Do you actually, genuinely, want me to take up that last post there Spotlight?

Stand back for a moment, take a deep breath, and relax a bit.

I don’t remember ever interrupting any of your threads with presumptive accusations concerning your ‘ulterior motives’ that I automatically presumed to be insulting to me, and then preventing the discussion by focusing the entire attention only on my views through simple and repeated shouting harassment.  Are your doubts really that delicate?    

Having nothing to add to a rather innocuous topic usually means saying nothing – not jumping in and shouting down and spouting invective concerning the personal character of the speaker – any terribly insecure child can do that, but, really?  

So I’ll make a huge leap here, and I’ll guess that, just like everyone else, you also have no proof, but only more and more thundering invective.  I’m very sorry for that, but it really isn’t my fault.  I’m not the one who made you folks so terribly and loudly defensive about your own doubts, to the point that y’all seem unable to allow any discussion to occur unless your own personal views are the sole topic.

Similarly, I’m not responsible for having taken innocent children and led them down that road of ultimate doubt and infinite guilt for things they never did and can never know, largely because the things they are taught are and have always been fictitious and controlling fear-based superstitious nonsense.  Then telling them, after brain-washing them with such things, that they can be SAVED from the things I accused them of, if only they do only as I say.  Somebody else did crap that to y’all from the day you were born – not me.  

Honest.  So I think you might be angry with the wrong fella.

I just tried to open a dialogue about something that is actually ‘spiritual’ – meaning intangible – that did not have one or another Ghostly but Genuine  Spirit Being at the center of it – and the results were predictable.  I was almost immediately jumped by the earthly representatives of the only one Truth on Earth, who tried to drag me off into a dark alley and cut my throat by any rhetorical means necessary.  Gosh.  Who could have known that so many of you were so unsure of yourselves, and so mean-spirited about it?  

I actually tried to keep a genuine discussion on track, by asking the single-minded Jesus freaks to keep themselves in hand, and show a bit of respect for a topic that did not revolve only around them and their ‘Verses,’ but which was at the same time an abstract that was more based on feelings than scientific fact – Spiritual, in other words -- but they refused to allow such a thing, and decided to do what they usually do – gang up to shout down and personally denigrate anyone who would dare do anything other than bow down before them and hew only to their own singular and exclusive thoughts about their own unknowns. 

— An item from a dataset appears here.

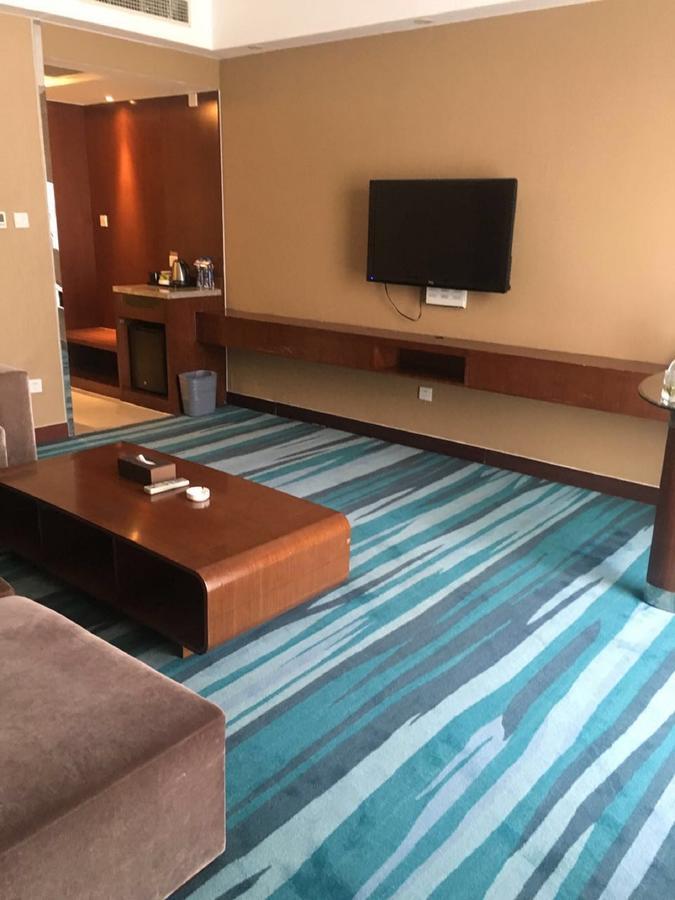 Metropolo, Zhenjiang, Railway Station Wanda Plaza Hotel Zhenjiang  Bagian luar foto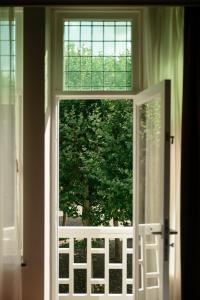 Κήπος έξω από το Hotel Vrythof - just a room - digital key by email or SMS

Having been derailed by the paranoid, fearful, and ignorant, and realizing that the topic itself was then unsavable, because they made it so, as is the usual tactic of the bully-pulpit morons hereabouts, I simply asked them to put their money where their mouths are --  Prove yourselves.  That ought not be too much to ask of those who are so sure of themselves that they will not allow a single thought to stray from a focus on only themselves (and, forgive me, but it does somewhat remind me of when my own children behaved similarly at age two and three).   

“See this is what you can not comprehend, we do not have to "prove" anything to you or the "us" you refer to.”  

See, this is what you can not comprehend – yes you do. 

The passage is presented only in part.